Pneumonia in the Elderly: Prevention is Key

Preventing Pneumonia in the ElderlyThroughout the cold and wet winter, our elderly loved ones can become more susceptible to certain bacterial or viral infections like pneumonia. In fact, along with having a weakened immune system, age is one of the most common risk factors for pneumonia. Plus, once a senior has this condition, recovery can be quite difficult and take a long time; complications can easily arise, and over 60% of seniors get admitted to the hospital due to pneumonia. This is why preventing pneumonia in the elderly is vital to keep them healthy this time of year.

What Causes Pneumonia?

People over the age of 65 tend to be more susceptible to pneumonia due to the fact that lung capacity changes with age. Seniors who live in a community setting can be more at risk for contracting illnesses from others due to the closeness of the quarters and increased exposure to those who may already be sick.

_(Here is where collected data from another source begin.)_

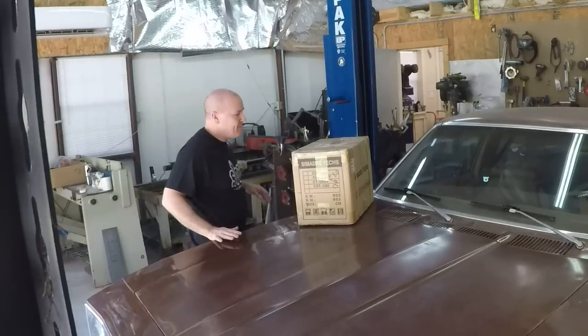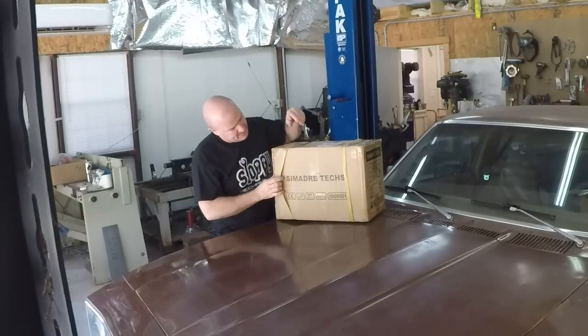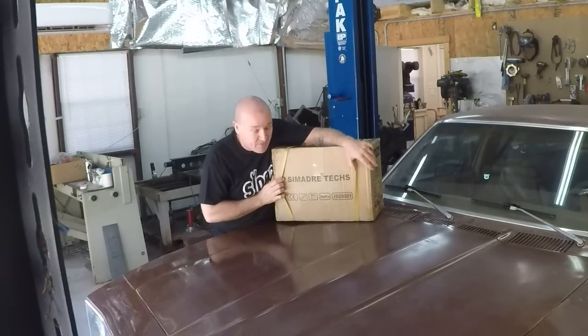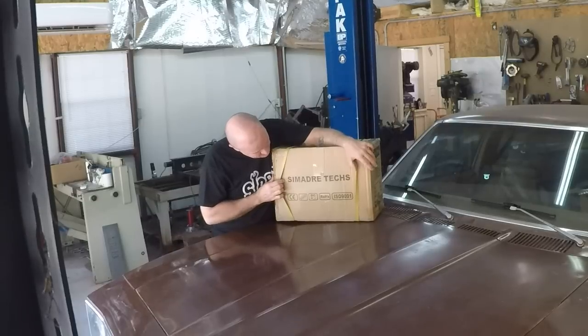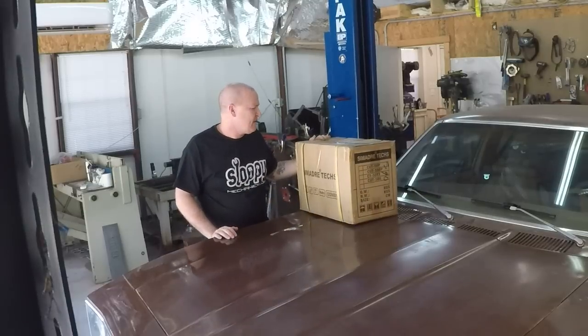Hey everyone, it's Mike from MonkeyFab. Today we're going to unbox — not review — the Sumadre TIG machine that we ordered last Sunday.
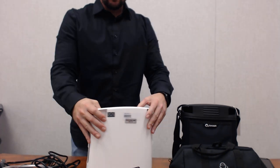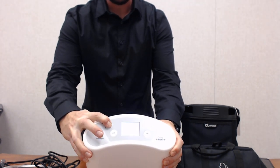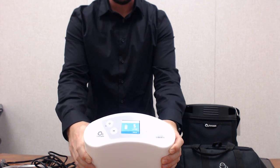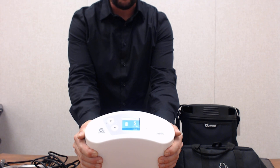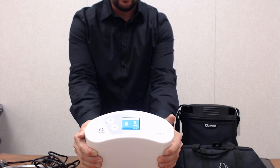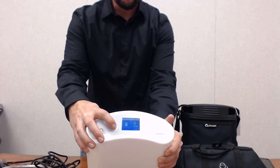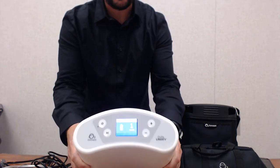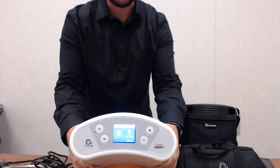To operate the device, you simply hold the power button in. This device can do both pulse dose and continuous flow. We can switch between the modes using the button with the letter M on it for mode. If you push it and see a series of dots, that is pulse dose. If you see an arrow, that is continuous flow.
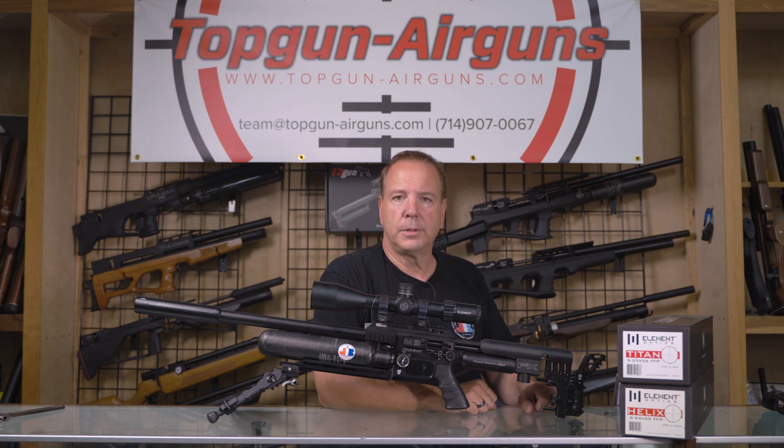I hope this helped demystify what it takes to choose a scope. If you have any questions, hit us up in the comments below, or better yet, just call us up. This is Joe Brancato, the Airgun Scientist — take care, God bless. Thanks for watching, and please like and subscribe to our videos.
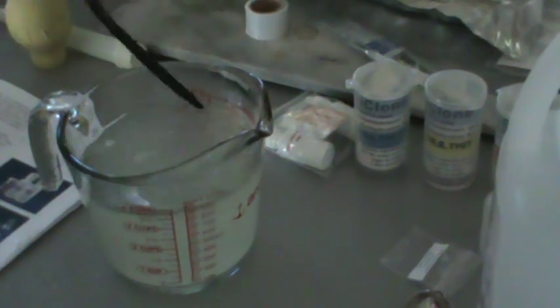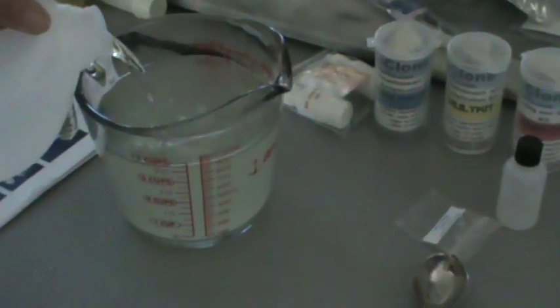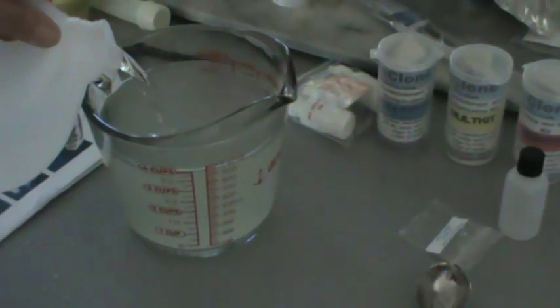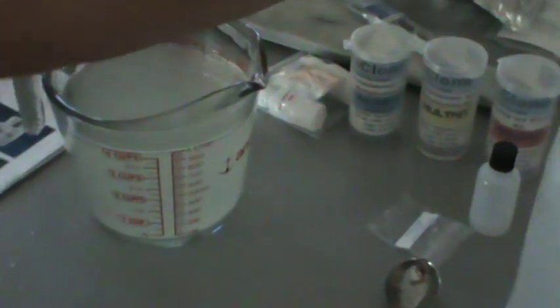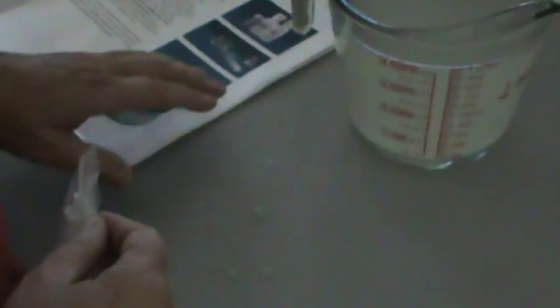Now I'm going to fill that up to one liter. Guess who didn't bring home their pH meter — so I'm going to use these pH strips. I hate these strips. There's pH down and there's pH up.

Pneumonia can be caused by both bacteria or viruses like influenza, and sometimes even predisposing conditions like diabetes or cardiopulmonary disease can put the elderly more at risk. Seniors get pneumonia by breathing in infected air particles, and oftentimes it becomes a complication from a viral illness.

Pneumonia Prevention Tips for the Elderly

Preventing pneumonia in the elderly is possible, providing you take some extra precautionary measures. Here are a few ways to make sure your elderly loved on is staying healthy throughout the winter and lowering their risk for pneumonia:

  • Be familiar with the symptoms of pneumonia. Coughing, chest pain, chills, fever, shortness of breath, and fatigue are all symptoms of pneumonia to watch for in your elderly loved one. However, some seniors may not display these symptoms, so also be on alert for signs of confusion, weakness, dizziness or delirium. Head to the doctor right away if your loved one is showing any unusual symptoms.
  • Make sure they’re washing their hands. You may need to remind your loved one to wash their hands often throughout the day or to use antibacterial hand gel. Keeping hands clean can help reduce the spreading of germs through touch.
  • Maintain good dental hygiene. Tooth and gum diseases are also a known cause of pneumonia in the elderly, so brushing and flossing is a must. Make sure your loved one is taking good care of their teeth and gums.
  • Practice healthy habits. Encourage your loved one to stay physically active and eat healthy foods; the healthier they are, the stronger their immune system will be. If your loved one smokes, it’s definitely time to quit; smoking is a major risk factor for pneumonia as it harms the lungs’ ability to defend themselves against an infection.
  • Try to avoid individuals who are ill. Of course, in a senior living community, it may be difficult to avoid other residents suffering from illnesses like the flu or common cold. But when your loved one is around others who are ill, they are more at risk for getting ill themselves and for that illness to develop into pneumonia.